I found a window where I could see the Japanese maples where my childhood friend and I had played and prayed, ‘Strength, strength, strength…’ I thought of how Ingrid willed me to be whole and willed the same for my friend; that she would be whole again after all of this cleaving; whole to see her little children grow into themselves; whole to see her own beautiful life unfurl in its own sweet time.
That night, through the night that swallowed a day as we flew towards Australia, I thought about my husband and son asleep in their beds, and smiled at the thought of seeing their faces and how I would smell my boy’s head. I thought about the life we built together; how my son loved his school and said he never wanted to leave our little brick house whenever we talked about moving into something bigger. I read emails my husband sent during the past two weeks, writing that he was grateful for this time with our son. ‘He loves fruit doves,’ he wrote. ‘They’re his favourite. He got the bird book and showed me. The sweetness of him.’
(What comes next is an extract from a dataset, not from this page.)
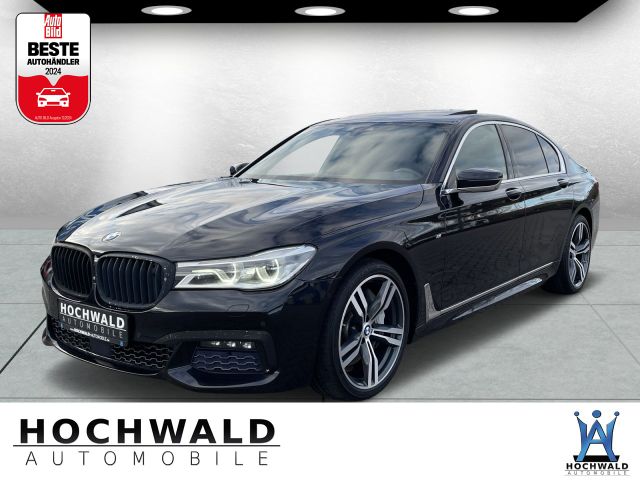 BMW 750i xDrive M-PAKET Night 360 ACC KETTENGERÄUSCH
In the darkness of the plane, I remembered that the minkes would gather soon along the reef. I thought about those weeks they spent together after a year marked by separateness and survival in the vastest of oceans. I wondered about their joy of reunion, as they circled round one another and leapt from the water; a joy so permeating that it quelled the trauma of harpoon scars.
As a dual citizen of dual hemispheres, you have two homes and two sets of seasons that directly oppose one another. You pause to think whenever you write the month because it’s cool in July and hot in December and you’ve lost yourself a little, in everything you’ve gained.
You vote for two governments and think two? Why not make it four? six? if you consider your ties to the ancestral lands. When you had bought the DNA analysis package, you found such a collage of peoples, your genomes revealed spirals of passports. You saw people who did not stay put, whose songs and love affairs laced the planet.
More and more as you travel these lines back and forth between your homes, you feel both restraint and expansion. Something rises in you when others condemn foreigners who refuse to assimilate but you temper your words. You, who keep your New England accent, celebrate your old holidays privately because orchestrating them takes the kids out of school and feels showy. You celebrate by remembering the forces that shaped you; those forces that rise out of the ground and from the rolling sea; forces that smoke from the bones of your ancestors; forces that speak from the fading photographs of others also who married for love.
You remember your great grandmother who loved a farm boy, who died in her forties, never seeing her family again.
You have planes. You have Skype. You do not have to endure what she did. You never met her but you remember her with tenderness and thank her for the gift of her strength.
You don’t worry about snakes. You took a workshop on poisonous snake handling and can hook one into a pillowcase if you must, but find the fear of them, along with many others, fades if you will it. The last time you see a snake, you’re on the phone with your mother, watching from the window as it disappears into the bushes. You don’t even bother to mention it.